In addition to autophagy, BHB rebates mitophagy and ATP generation in osteoarthritic
chondrocytes, and BHB antioxidative, anti-senescence and anti-apoptotic actions are
canceled by knockout of HCAR2, or AMPK inhibition, suggesting that it acts through the
HCAR2-AMPK-PINK1/PARK2 pathway [53]. D-BHB inhibits superfluous LC3-II
accumulation and p62 accumulation and suppresses AMPK–ULK1 Ser317 activation to
restore autophagic flux and mitigate neuronal death in rats with severe hypoglycemia and
coma, which is probably through the enhancement of mitochondrial energetics [54].
All these results suggest that BHB is either able to up- or down-regulate AMPK-dependent
autophagy in response to physiological conditions, but can always improve mitochondrial
energetics and mitophagy to reestablish autophagic flux in various cellular and in vivo
systems [17,51,52,53,54]. Despite the fact that this data implies mechanistic
interrelationships between ketone metabolism, mitochondrial quality regulation, and
proteostasis, they have been yet to be confirmed in human neurodegenerative systems.
5.2. Epigenetic Control and β-Hydroxybutyrylation of Autophagy Genes.
BHB is an epigenetic signaling metabolite which inhibits the activity of the class I histone
deacetylases and is a precursor of lysine β-hydroxybutyrylation (Kbhb), a histone mark
that promotes stress resistance, mitochondrial metabolism, and autophagy gene activation
[51,55]. A number of studies indicate that BHB-induced histone changes increase the levels
of autophagy-related and antioxidant genes, which adds to cellular resistance to metabolic
and neurodegeneration disorders [51,55,56].
Even though the direct mapping of the β-hydroxybutyrylated regulatory elements that
mediate autophagy has not been fully accomplished yet, there is current evidence of BHB
as an epigenetic promoter of autophagy and mitochondrial homeostasis [51,55].
5.3. Lysosomal Biogenesis, Function, and PH
BHB also regulates the autophagylysosomal system and lysosomal capacity.
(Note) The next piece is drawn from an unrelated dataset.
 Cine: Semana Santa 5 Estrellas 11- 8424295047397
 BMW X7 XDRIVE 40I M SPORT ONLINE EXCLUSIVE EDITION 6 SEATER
D-BHB uses
TFEB-dependent lysosomal biogenesis and SIRT2-FOXO1/FOXO3a-PGC 1α signaling in
neurons to synchronize autophagy, mitophagy and mitochondrial biogenesis [17]. BHB
recovers the impaired autophagy state of HGPS fibroblasts and triggers p62 degradation,
which is prevented by AMPK or ULK1 inhibition, and the effect reveals that a repressed
autophagy-lysosomal route has been reinstated [52]. D-BHB has been shown to rescue
LAMP2 expression and lysosomal membrane integrity, LC3-II accumulation and p62
accumulation, and increase autophagy and degrade lysosomal function, respectively, and
improve autophagic degradation in models of NMDA excitotoxicity and hypoglycemic
coma, which is also evidence of the stabilization of lysosomal activity and autophagy under
stress conditions [16,54].
Altogether, these data indicate that BHB promotes autophagic accumulation of the
lysosome and its functional stability and mitigates the stress-related bottlenecks of
autophagosome traffic formation instead of intensifying autophagosome formation
[16,17,51,52,54].
5.4. NLRP3 Inflammasomes and Autophagy Crosstalk
BHB has great anti-inflammatory properties that are direct inhibitors of the NLRP3
inflammasome and indirect instigators of autophagic homeostasis. BHB, but not
acetoacetate or short-chain fatty acids, dose-dependently inhibits NLRP3 activation and
IL-1β/IL-18 release in macrophages through the inhibition of potassium efflux and ASC
oligomerization and is independent of AMPK, reactive oxygen species, autophagy,
GPR109A/HCAR2, SIRT2 and glycolytic inhibition [57].
Against cellular evidence, in vivo BHB or ketogenic diets suppress caspase-1 activation
and IL-1β release in a number of NLRP3-mediated inflammatory systems and validate
systemic inflammasome inhibition [57]. Exogenous BHB in a 5XFAD AD model decreases
the plaque burden, microglial proliferation, ASC speck, and activates caspase-1, which
suggests that neuropathology is inhibited by NLRP3 inhibition [58]. On the same note,
BHB suppresses hippocampal NLRP3, cleaved caspase-1, IL-1β/IL-18, pyroptosis markers
and enhances chaperone-mediated autophagy markers LAMP2A, Hsp70 in an
unpredictable AD-like rat model, correlating the hippocampal inflammasome inhibition
with heterogenized proteostasis and resultant decreased neuroinflammation [19].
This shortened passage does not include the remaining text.